Following measures taken by European governments to protect banks from the financial crisis, French PM Francois Fillon announced Wednesday that the government would create a new "legal structure" to save failing banks.
France's Prime Minister Francois Fillon asked lawmakers Wednesday to give legal backing to his government's promise to step in rapidly to support failing banks with cash bail-outs.
France's new programme is the latest in a patchwork of emergency measures taken by European governments to protect banks from the financial meltdown, ranging from deposit guarantees to full nationalisations.
Addressing a parliamentary debate on the banking crisis, Fillon said France had already stepped in to partly buy out the failing Franco-Belgian bank Dexia as an emergency measure but wanted a "legal structure" for future rescues.

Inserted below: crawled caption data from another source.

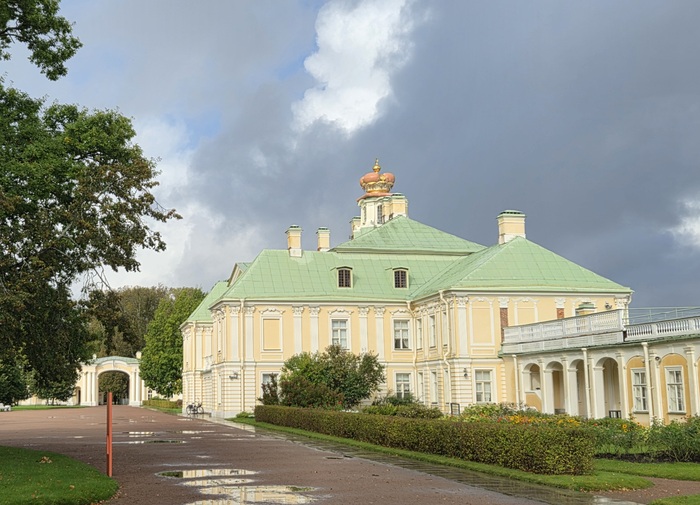 Дворец Меньшикова, в который мы НЕ попали (все остальное работает, а во дворце - выходной)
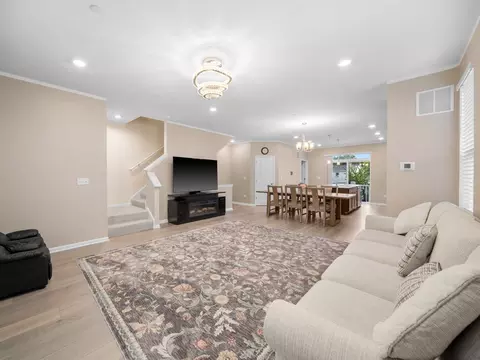 Living - 1125 Dock St, Des Plaines, IL 60018 photo 2 of 3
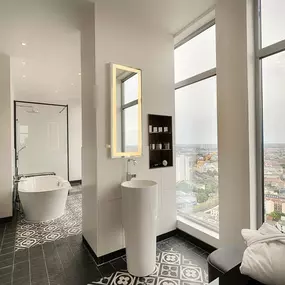 Sky Suite Corner Deluxe bathroom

"In order that it can have all the necessary capital to hand for any future interventions that prove necessary, the government will ask parliament to vote to attach an explicit state guarantee to the finance bill," he said.
"We wanted to create the conditions for confidence to return to the banking system and ensure that banks start lending to each other once again," he said.
President Nicolas Sarkozy has pledged that no French bank will be allowed to collapse amid the recent financial crisis, despite a squeeze on liquidity that has seen interbank lending grind to a halt and sent shares into a tailspin.